(10)知らなくてありなむものを(続)
なお万葉集のたとえば「山吹の立ちよそひたる山清水汲みに行かめど道の知らなく」(一五八)の「知らなく」は、口語に訳せば「知らないことだ」という意になるが、これは「知らず」のク語法で、口語の「知らなくても」というような言い方の「知らなく」とは性質を異にする。では「けふよりは顧みなくて大君の」という例の防人の歌(四三七三)はどうか。これも口語訳は「顧みないで」としてもよいが「顧み、なくて」という組立てだから「顧みることもなしに」などとするのが、表現に即した正確な訳になる。
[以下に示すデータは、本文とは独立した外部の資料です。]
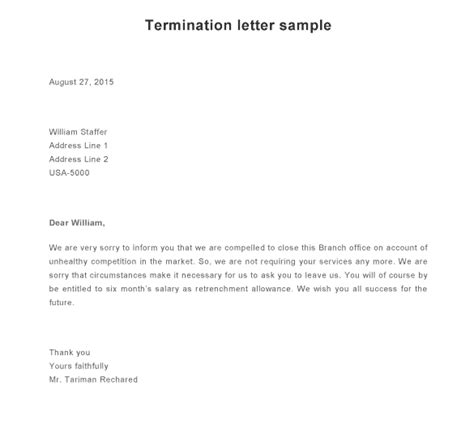 9 Termination Letter Samples Sample Letters Word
「顧み」は名詞、「なくて」の「なく」は形容詞である。(ついでに言えば、人麿の「かへりみすれば月かたぶきぬ」(四八)のカエリミ、スレバと読むべきで、カエリ、ミスレバと読むべきではない。)
なおついでに言えば、左千夫の「葉鶏頭(かまつか)をいやしと云へ秋ふけて色さびぬれば飽かなくおもほゆ」の「飽かなくおもほゆ」も変な語法だ。「飽かなく」の所だけ口語調である。「飽かずおもほゆ」でよかったのではないか。茂吉の「赤光」に「ひむがしのともしび二つこの宵も相寄らなくてふけわたるかな」というのもある。これは初めのアカネ発表では下句「相よらずして夜ぞふけわたる」であった。「相寄らなくて」は、やはり口語調なのである。捜せばこういう例はまだまだ見つかる。
以下もうくどくど言わないが、要するにたとえば口語の「見えなくなった」を歌の上で「見えなくなりぬ」としても、それは本来、文語とも言えないのでちょっと文語に見せかけただけだ。しかし今の我々の歌には口語脈がだいぶ入り込んでいるし、文語表現でも古代中世の語法では律し切れないものも多い。「見えなくなりぬ」なども認めるというなら(茂吉に「大いなる国のいきほひの渦なかに君がいのちも見えなくなりぬ」(寒雲)がある。)先に私が引いた長塚節の「知らなくて」などもそのまま受け入れてよいと言えよう。しかし「散るべくも見えなき花」などは、とにかく熟さぬ幼稚な表現である。これなどは認めたくない。
付記。二六頁の「こほし、こほしむ」についての文中、左千夫の「こゝにして妹が恋ひしもゆふ雲のおりゐ沈める高野原の湖」(この表記は岩波、左千夫全集による。)の「妹が恋ひしも」は「妹が恋ほしも」のほうがよかったのではないかと書いたが、岩波の増訂正左千夫歌集ではその通り「恋(こほ)しも」となっている。しかし原作はやはり「恋(こほ)ひしも」である。歌集を出す時、門人の人々が勝手に直したらしく、これはちょっと行きすぎであろう。
なお茂吉の「こほし」の初出を、「赤光」の「恋(こほ)しき人ははるかなるかも」としたが、それは歌集のことで、実際にはもっと早く明治三十九年作に「くだちぬるさ夜の寝ざめに暗にして我のこほしき妹が目に見ゆ」がある。